The announcement came after a marathon 16-hour negotiating session that included both Bettman and NHL Players’ Association chief Don Fehr that started on Saturday and spilled over into Sunday.
“Don Fehr and I are here to tell you that we have reached an agreement on the framework of a new collective bargaining agreement, the details of which need to be put to paper,” Bettman said.
“We have to dot a lot of I’s and cross a lot of T’s. There is still a lot of work to be done, but the basic framework has been agreed upon. We have to go through a ratification process and the Board of Governors has to approve it from the league side and, obviously, the players have to approve it as well.”

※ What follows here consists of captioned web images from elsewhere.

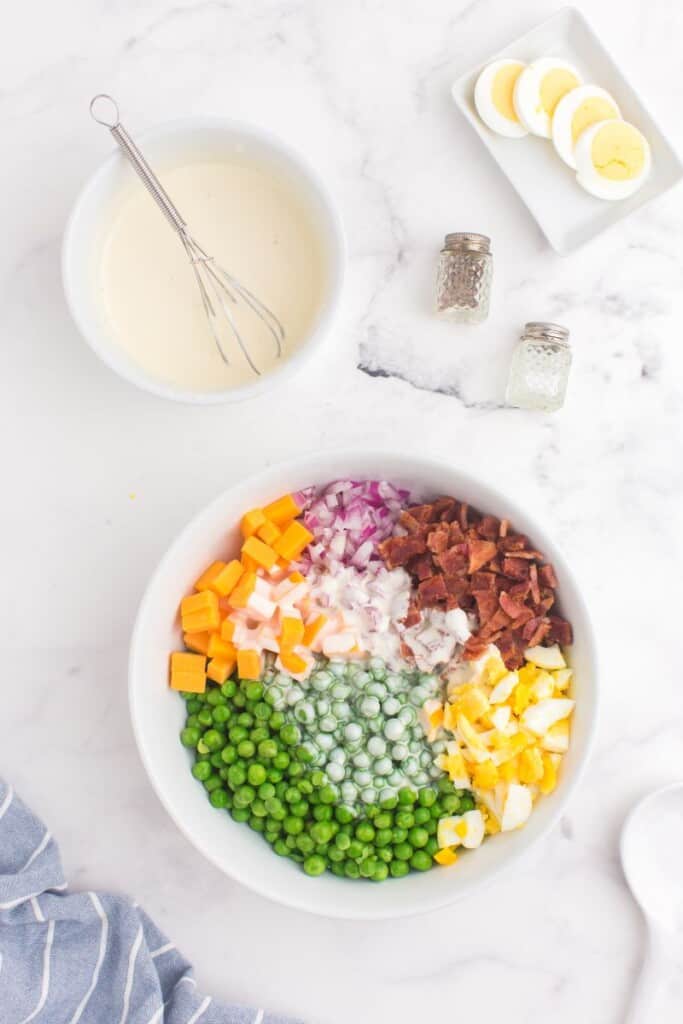 adding dressing to pea salad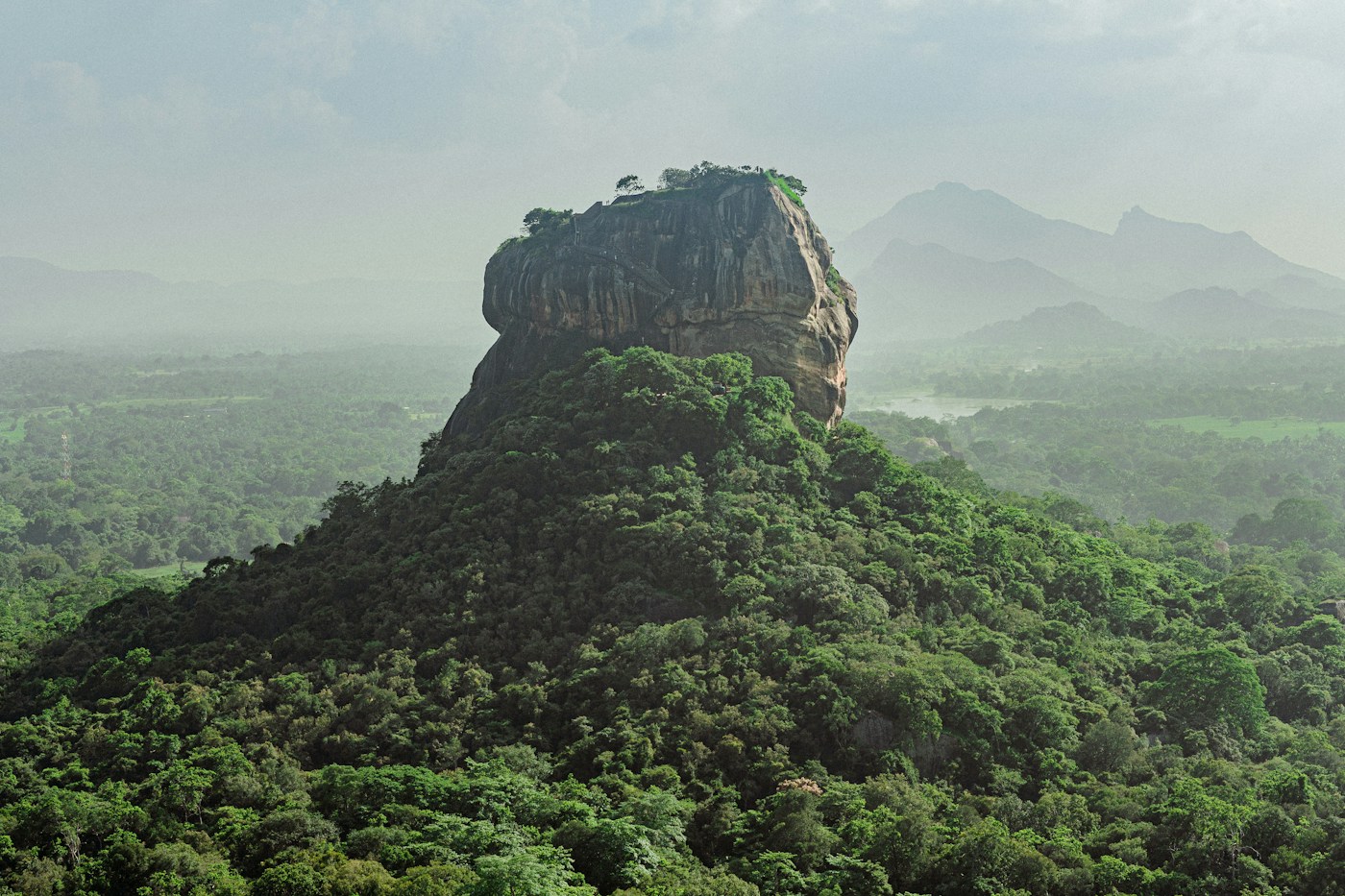 Sigiriya rock rising above misty forest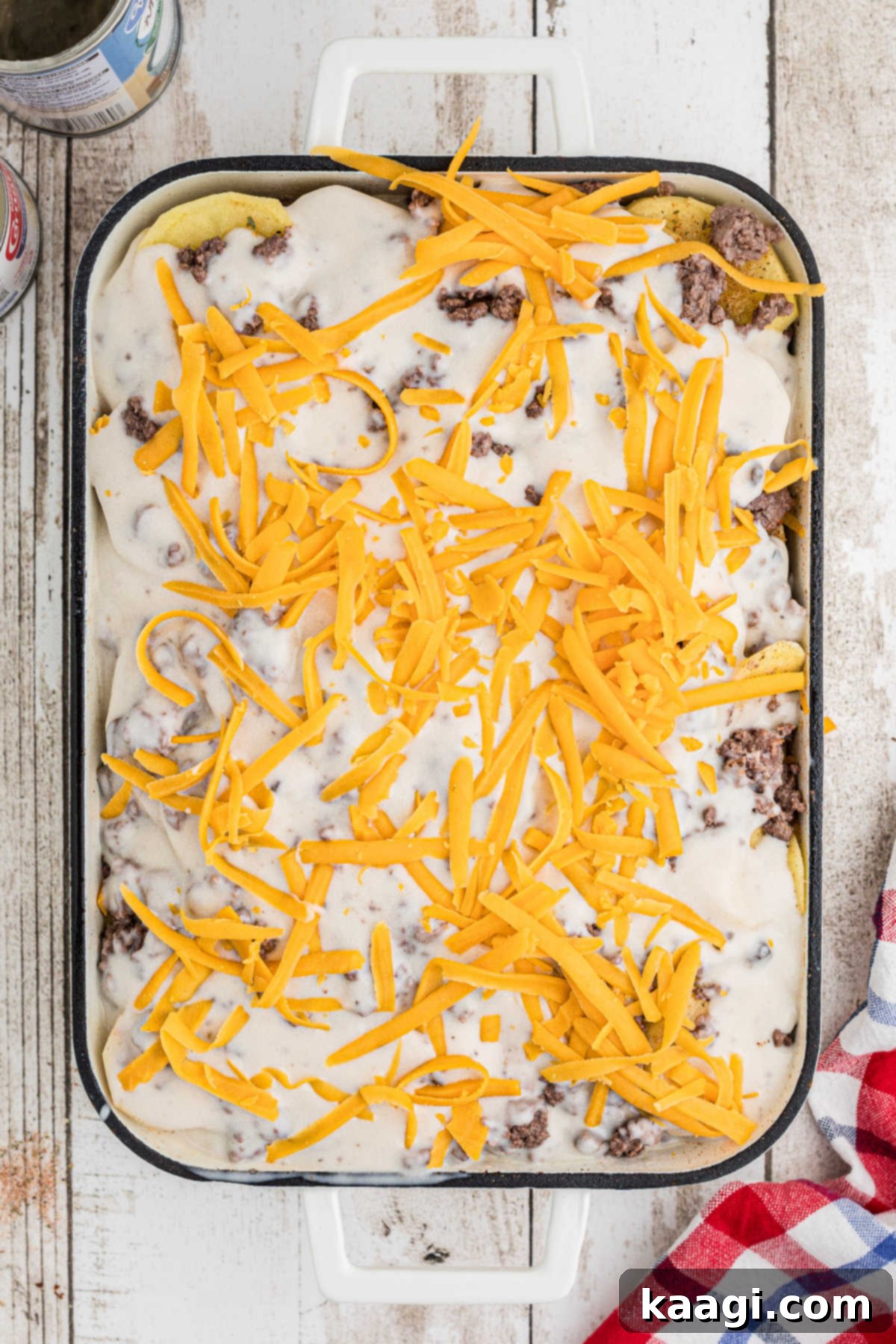 Homestyle Beef and Potato Casserole 11 The top of the casserole generously covered with shredded cheese, prepared for baking and forming a golden crust.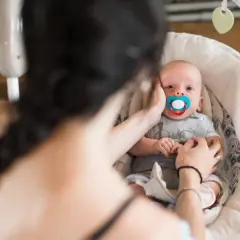 Maluszek w bujaczku polecanym przez fizjoterapeutów, z niebieskim smoczkiem. Mama delikatnie głaszcze go po główce.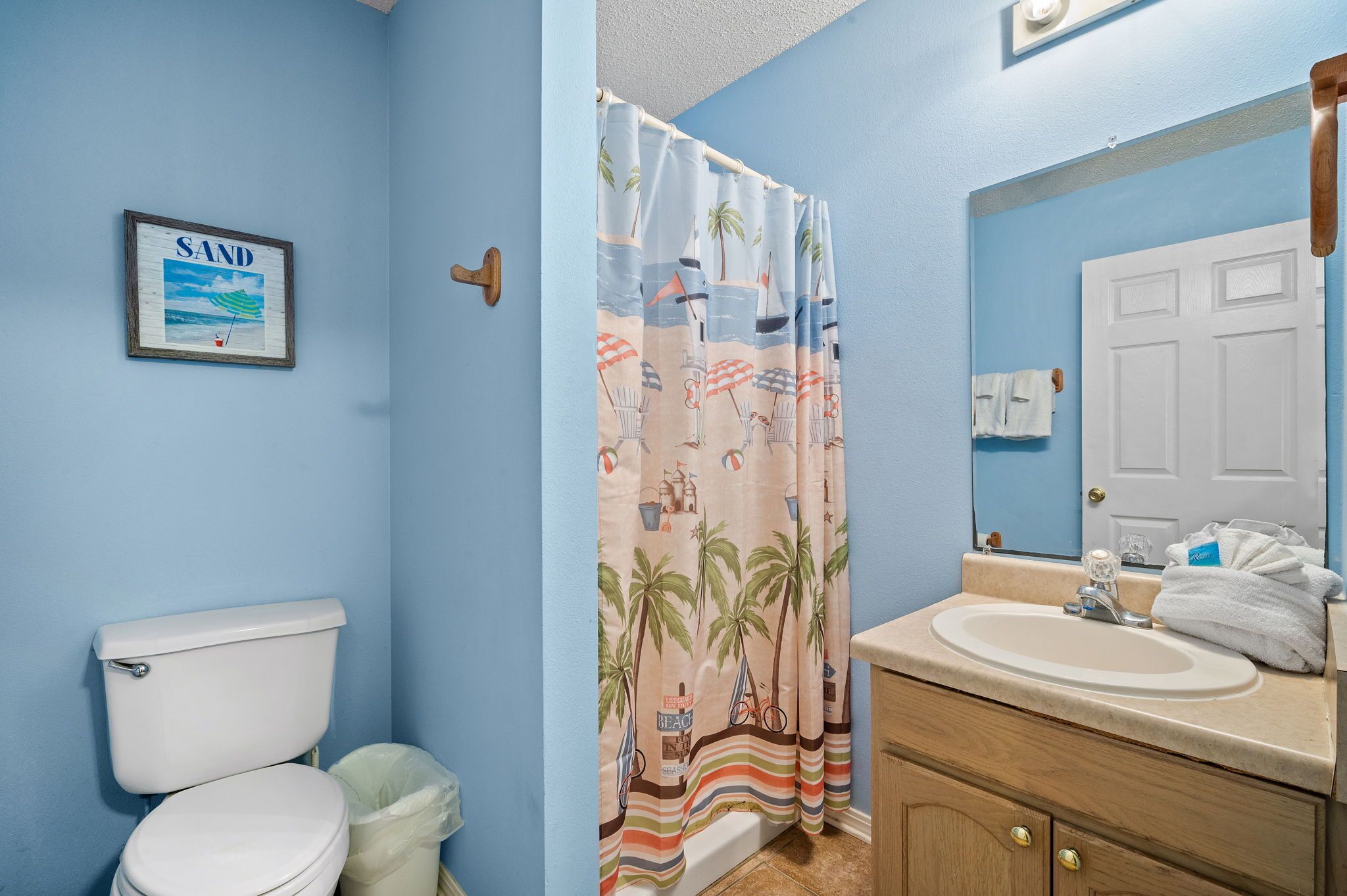 Ein Badezimmer mit Toilette, Waschbecken und einer Duschvorhang mit Strandmotiv.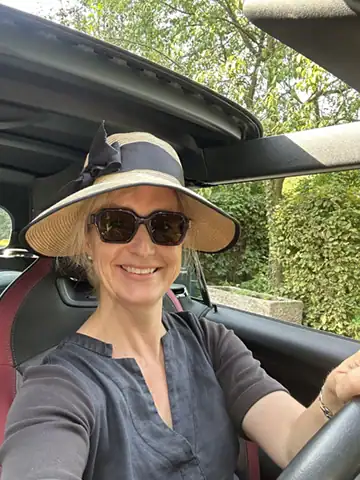 Elske behind the wheel of a convertible wearing a sun hat and sunglasses, symbolising the freedom and joy of slow travel across France.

With a deal, the NHL can avoid losing an entire season for the second time in its history. All of the 2004-05 campaign was lost to a similar bitter battle over financial issues.
Bettman had pinpointed January 19 as the essential start date to save a shortened season. On Sunday, with a written agreement still to be drafted, he said he could not yet offer information about a schedule.
“We will be back to you very shortly, hopefully, later today with more information in that regard,” he said.
The league has cancelled 625 games — up to January 14 — just over half the planned schedule that was to have started in October.
“Any process we have in a system like this is difficult,” Fehr said. “It can be long.”
The new agreement is reported to be for 10 years, with a mutual opt-out clause after eight years.
According to various media reports, the players’ share of hockey-related revenue — a sharply contested issue — will drop from the 57 percent they received under the prior contract to a 50-50 split.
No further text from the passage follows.